▸ **WORK INSTRUCTIONS**: Set down each entry exactly; omit images.
---------- THE DATA ----------
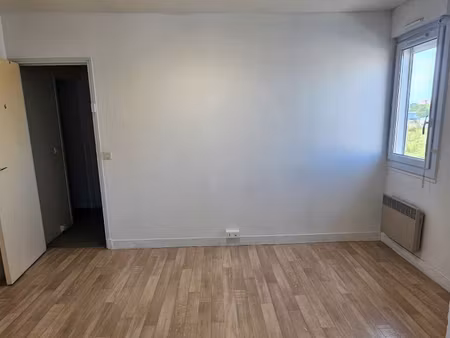 bureau à l'étage 15 m2
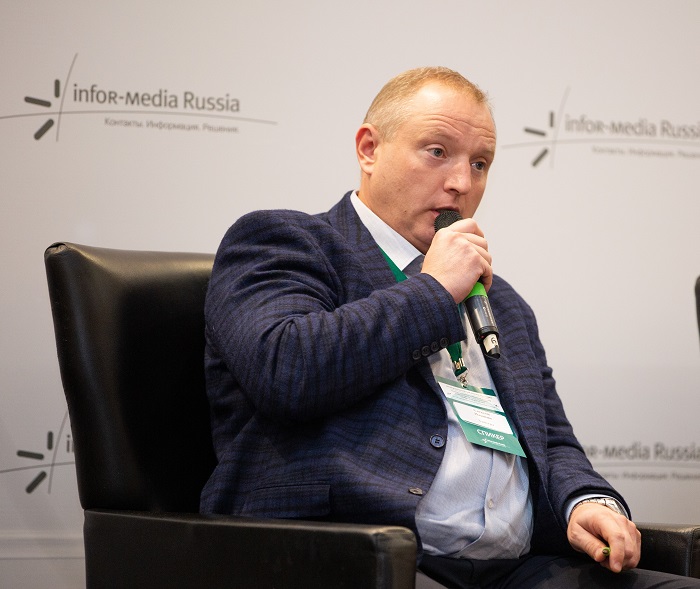 Алексей Паршин, технический директор Hytera в России, выступил с речью об эволюции конвергентных решений Hytera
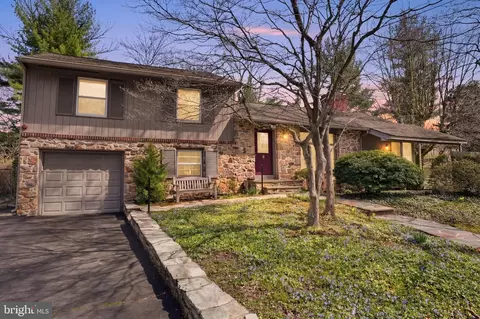 143 Pinehill Rd, Feasterville Trevose, PA 19053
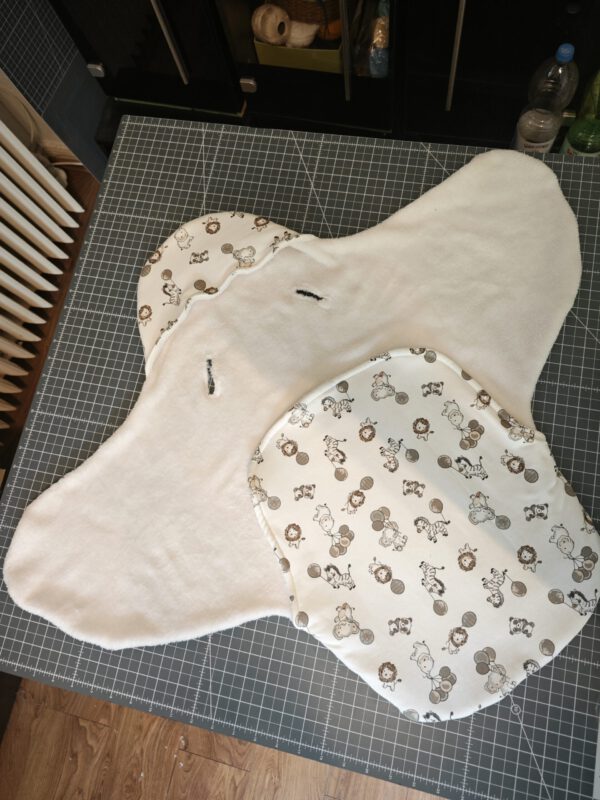 Einschlagdecke Babyschale auseinander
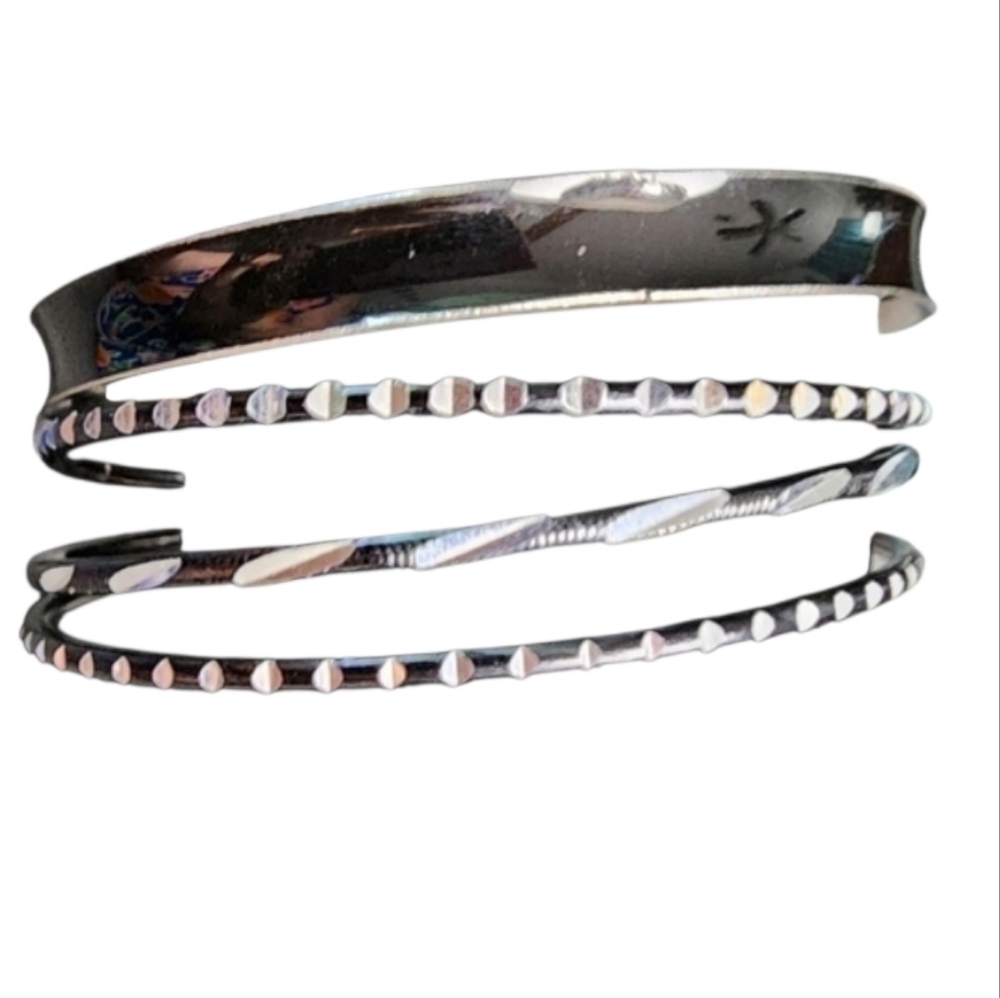 💥4 For $20💥Black & Silvertone Stackable Etched Bangle Bracelets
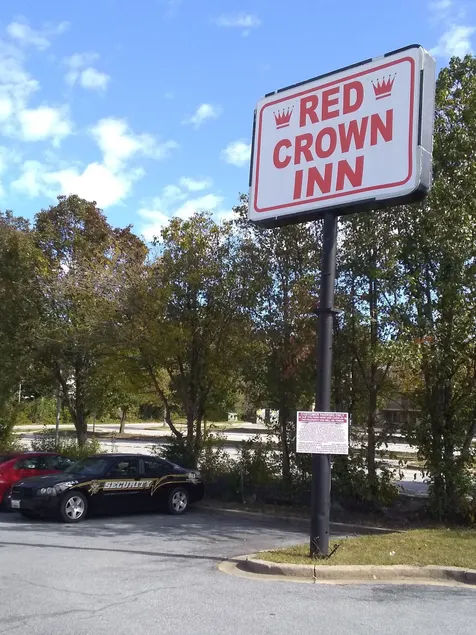 Red Crown Inn - Image 1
----------
▸ **ANSWER TO THIS PROBLEM**:
 bureau à l'étage 15 m2
 Алексей Паршин, технический директор Hytera в России, выступил с речью об эволюции конвергентных решений Hytera
 143 Pinehill Rd, Feasterville Trevose, PA 19053
 Einschlagdecke Babyschale auseinander
 💥4 For $20💥Black & Silvertone Stackable Etched Bangle Bracelets
 Red Crown Inn - Image 1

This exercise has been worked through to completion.